**Problem to work on**.
Find the line with "AURORAS EN JÚPITER" in the records below. Copy it and every line after it, up to and including the line with "Frische hausgemachte Backen.".

(Items from a dataset)
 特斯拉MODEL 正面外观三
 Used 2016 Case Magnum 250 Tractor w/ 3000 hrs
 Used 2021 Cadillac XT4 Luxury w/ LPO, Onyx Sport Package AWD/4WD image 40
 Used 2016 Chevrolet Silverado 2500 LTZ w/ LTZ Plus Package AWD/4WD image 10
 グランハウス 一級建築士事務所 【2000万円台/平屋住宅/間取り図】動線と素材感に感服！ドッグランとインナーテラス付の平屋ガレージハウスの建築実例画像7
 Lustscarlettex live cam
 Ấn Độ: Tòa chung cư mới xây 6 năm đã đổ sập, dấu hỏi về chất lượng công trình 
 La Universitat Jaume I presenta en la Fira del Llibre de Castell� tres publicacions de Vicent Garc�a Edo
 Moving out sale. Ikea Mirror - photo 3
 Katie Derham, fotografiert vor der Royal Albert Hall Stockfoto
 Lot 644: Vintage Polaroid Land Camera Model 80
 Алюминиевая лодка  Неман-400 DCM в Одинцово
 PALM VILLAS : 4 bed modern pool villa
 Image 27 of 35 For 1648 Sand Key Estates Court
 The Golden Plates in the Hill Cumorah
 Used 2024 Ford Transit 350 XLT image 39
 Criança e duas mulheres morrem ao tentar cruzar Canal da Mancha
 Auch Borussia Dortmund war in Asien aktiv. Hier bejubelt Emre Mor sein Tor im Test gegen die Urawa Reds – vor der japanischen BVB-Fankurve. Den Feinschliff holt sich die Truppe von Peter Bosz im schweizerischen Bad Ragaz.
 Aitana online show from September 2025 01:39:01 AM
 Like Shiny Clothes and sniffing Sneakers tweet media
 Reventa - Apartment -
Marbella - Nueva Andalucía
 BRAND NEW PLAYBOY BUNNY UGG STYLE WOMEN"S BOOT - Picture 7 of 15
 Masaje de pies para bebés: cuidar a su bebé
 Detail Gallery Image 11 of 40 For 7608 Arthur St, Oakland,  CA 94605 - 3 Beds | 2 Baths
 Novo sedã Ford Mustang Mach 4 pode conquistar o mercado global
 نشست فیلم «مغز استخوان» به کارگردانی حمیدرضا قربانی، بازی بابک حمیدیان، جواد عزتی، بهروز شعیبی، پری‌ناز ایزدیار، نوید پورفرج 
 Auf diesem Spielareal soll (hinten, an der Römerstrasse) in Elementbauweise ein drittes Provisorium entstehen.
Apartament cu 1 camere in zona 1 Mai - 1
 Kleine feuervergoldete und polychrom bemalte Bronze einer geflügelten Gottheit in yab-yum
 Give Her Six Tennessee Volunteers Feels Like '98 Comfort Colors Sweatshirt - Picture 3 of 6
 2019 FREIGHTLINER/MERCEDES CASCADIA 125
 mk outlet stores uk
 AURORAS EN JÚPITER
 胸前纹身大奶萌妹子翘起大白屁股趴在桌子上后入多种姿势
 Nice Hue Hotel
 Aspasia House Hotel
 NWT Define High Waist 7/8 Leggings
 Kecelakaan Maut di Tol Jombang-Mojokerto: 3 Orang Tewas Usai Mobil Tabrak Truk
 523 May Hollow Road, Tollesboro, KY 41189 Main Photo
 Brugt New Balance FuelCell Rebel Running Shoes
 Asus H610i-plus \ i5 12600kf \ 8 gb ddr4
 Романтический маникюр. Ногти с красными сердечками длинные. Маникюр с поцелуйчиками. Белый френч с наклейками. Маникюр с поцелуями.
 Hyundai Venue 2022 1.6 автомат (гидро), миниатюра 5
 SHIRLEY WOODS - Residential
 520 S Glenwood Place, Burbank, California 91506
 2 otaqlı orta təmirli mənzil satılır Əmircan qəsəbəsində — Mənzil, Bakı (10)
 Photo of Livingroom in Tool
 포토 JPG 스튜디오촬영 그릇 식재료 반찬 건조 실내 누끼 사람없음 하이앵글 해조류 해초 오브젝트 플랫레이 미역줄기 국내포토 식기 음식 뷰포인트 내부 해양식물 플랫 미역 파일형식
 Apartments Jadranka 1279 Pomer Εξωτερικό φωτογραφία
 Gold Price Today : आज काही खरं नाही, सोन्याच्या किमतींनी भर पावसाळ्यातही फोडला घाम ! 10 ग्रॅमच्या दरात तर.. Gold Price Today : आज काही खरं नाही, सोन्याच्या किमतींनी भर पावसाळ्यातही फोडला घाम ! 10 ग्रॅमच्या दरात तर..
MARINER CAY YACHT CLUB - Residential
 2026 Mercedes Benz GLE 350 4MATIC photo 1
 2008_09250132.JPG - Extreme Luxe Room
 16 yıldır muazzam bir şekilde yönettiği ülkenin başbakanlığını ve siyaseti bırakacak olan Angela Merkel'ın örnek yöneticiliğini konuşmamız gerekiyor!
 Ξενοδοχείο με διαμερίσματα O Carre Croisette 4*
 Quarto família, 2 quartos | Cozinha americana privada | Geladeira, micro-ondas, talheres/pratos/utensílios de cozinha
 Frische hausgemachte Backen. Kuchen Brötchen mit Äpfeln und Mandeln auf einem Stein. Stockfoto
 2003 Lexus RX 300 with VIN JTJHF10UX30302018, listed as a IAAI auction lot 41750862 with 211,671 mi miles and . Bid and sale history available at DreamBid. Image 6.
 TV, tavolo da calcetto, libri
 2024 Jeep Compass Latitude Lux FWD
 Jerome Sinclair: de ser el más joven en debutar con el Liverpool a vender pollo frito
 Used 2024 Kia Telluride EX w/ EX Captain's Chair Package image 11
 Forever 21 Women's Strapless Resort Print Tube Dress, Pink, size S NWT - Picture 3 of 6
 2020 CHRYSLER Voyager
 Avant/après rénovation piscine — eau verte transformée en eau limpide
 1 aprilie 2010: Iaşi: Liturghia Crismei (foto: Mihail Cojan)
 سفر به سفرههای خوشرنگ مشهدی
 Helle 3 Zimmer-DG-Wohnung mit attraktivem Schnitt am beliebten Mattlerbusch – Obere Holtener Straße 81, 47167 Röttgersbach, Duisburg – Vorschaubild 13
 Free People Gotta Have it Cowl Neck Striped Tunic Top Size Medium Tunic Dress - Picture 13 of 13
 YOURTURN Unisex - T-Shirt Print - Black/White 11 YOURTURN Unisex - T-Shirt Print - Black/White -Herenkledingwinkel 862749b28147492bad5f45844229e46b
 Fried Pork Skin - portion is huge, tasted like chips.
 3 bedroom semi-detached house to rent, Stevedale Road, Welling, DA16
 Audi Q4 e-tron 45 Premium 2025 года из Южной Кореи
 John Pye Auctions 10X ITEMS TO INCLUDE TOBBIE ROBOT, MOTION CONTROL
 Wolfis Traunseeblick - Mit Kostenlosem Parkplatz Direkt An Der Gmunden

**Exercise response**.
 AURORAS EN JÚPITER
 胸前纹身大奶萌妹子翘起大白屁股趴在桌子上后入多种姿势
 Nice Hue Hotel
 Aspasia House Hotel
 NWT Define High Waist 7/8 Leggings
 Kecelakaan Maut di Tol Jombang-Mojokerto: 3 Orang Tewas Usai Mobil Tabrak Truk
 523 May Hollow Road, Tollesboro, KY 41189 Main Photo
 Brugt New Balance FuelCell Rebel Running Shoes
 Asus H610i-plus \ i5 12600kf \ 8 gb ddr4
 Романтический маникюр. Ногти с красными сердечками длинные. Маникюр с поцелуйчиками. Белый френч с наклейками. Маникюр с поцелуями.
 Hyundai Venue 2022 1.6 автомат (гидро), миниатюра 5
 SHIRLEY WOODS - Residential
 520 S Glenwood Place, Burbank, California 91506
 2 otaqlı orta təmirli mənzil satılır Əmircan qəsəbəsində — Mənzil, Bakı (10)
 Photo of Livingroom in Tool
 포토 JPG 스튜디오촬영 그릇 식재료 반찬 건조 실내 누끼 사람없음 하이앵글 해조류 해초 오브젝트 플랫레이 미역줄기 국내포토 식기 음식 뷰포인트 내부 해양식물 플랫 미역 파일형식
 Apartments Jadranka 1279 Pomer Εξωτερικό φωτογραφία
 Gold Price Today : आज काही खरं नाही, सोन्याच्या किमतींनी भर पावसाळ्यातही फोडला घाम ! 10 ग्रॅमच्या दरात तर.. Gold Price Today : आज काही खरं नाही, सोन्याच्या किमतींनी भर पावसाळ्यातही फोडला घाम ! 10 ग्रॅमच्या दरात तर..
MARINER CAY YACHT CLUB - Residential
 2026 Mercedes Benz GLE 350 4MATIC photo 1
 2008_09250132.JPG - Extreme Luxe Room
 16 yıldır muazzam bir şekilde yönettiği ülkenin başbakanlığını ve siyaseti bırakacak olan Angela Merkel'ın örnek yöneticiliğini konuşmamız gerekiyor!
 Ξενοδοχείο με διαμερίσματα O Carre Croisette 4*
 Quarto família, 2 quartos | Cozinha americana privada | Geladeira, micro-ondas, talheres/pratos/utensílios de cozinha
 Frische hausgemachte Backen. Kuchen Brötchen mit Äpfeln und Mandeln auf einem Stein. Stockfoto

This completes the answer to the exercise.